I told a different story about the day and how it was going.
I assured myself that after stepping into happier thoughts, I would feel better, and that if I felt better all of the things on my list would get done.
I had to remind myself again later, but it worked. I did that list, I crossed everything off. I was happy while doing so and my kids were happy.
This how my life has been going. I flipped the switch and now everything is utterly different. It's glowing.
This perspective is applicable to things large and small. I want to get this blog post done so I am tempted to rush, to put off peeing, to put Echo off for a minute or two. Then I remember to breathe deeply for a moment, to pee and enjoy that moment of pause, to choose thoughts that improve my sense of well-being. If I do these things I will have plenty of time. I want more money, and wood chips for the driveway, so I am tempted to fret, rush, panic, and scurry. Then I remember that in this very moment I need only to step closer to the light, step closer to a happier thought, and not only will I feel better, everything I seek will come to pass.
Large or small, it's harder to carry out with areas that stir up stronger feelings. It's easier to find helpful thoughts that ease me away from frustration about blog writing, it's more challenging to find thoughts that shift anxiety about health or money. In these cases thinking about something that isn't money or health but that brings good feelings will do more to positively affect those areas than struggling to find related and helpful thoughts.
My friend Rachel Turiel recently posted about loving what you love. She wrote about grape buds, hops vines, chive flowers, potatoes, green beans, calendula, apples, and tomatoes. And she's right. Spending time, in any form, on the things we love, creates thoughts and feelings that are blissful, and bliss brings everything else our hearts desire.
The thing I love these days is Fairy Food.
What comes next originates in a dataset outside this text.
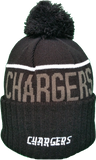 Los Angeles Chargers Fleece Lined Black Pom Toque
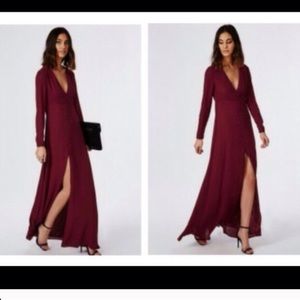 Misguided burgundy chiffon dress NWT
I want to be in a local craft fair, mingle with fellow artists, and make some cash, but if I am honest with myself I really just like making it. So much. Which is fantastic, because stipling the side of a tiny slice of birthday cake so that it looks like real cake absorbs my attention. I am so absorbed that negative thoughts are barred. I look up from fake pink frosting and find my life better, shinier, happier.
It works.
This is what I mean by ripe. It has all been here already, only now I am ready to drop into it.
I didn't say this today because I was embarrassed but when you handed me the plate to see your cakes I reached for one greedily thinking it was a sweet treat for me to partake of! If you can trick someone into almost eating the fairy food you must be doing something right :P And happy happy birthday! I didn't even know! <3 Amy
Posted by: Amy McGregor | 06/10/2011 at 11:14 AM
Oh my goodness, the fairy food the blog post. All wonderful treats!! Happy Belated Birthday!!
Posted by: Heather | 06/10/2011 at 06:16 PM
right on, sister. thanks for spreading the light!
Posted by: kris laroche | 06/10/2011 at 10:17 PM
wish I could transplant your brain into mine right now :) I'll keep trying.
Posted by: Joanna | 06/12/2011 at 11:43 AM
happy birthday
xxxcarrie-anne
Posted by: carrie | 06/13/2011 at 06:16 PM
i loved this post....the reaching for and the creating of betterment for ourselves and our families as a result :) so many useful things here for me to do and shift, thank you :)
doing what we love equalling bliss, and broadening our heart's energy, all of it rippling outwards...beautiful!
happy birthday...don't tell Echo that one of your audience recently turned 46.....she'll think that's petrified!!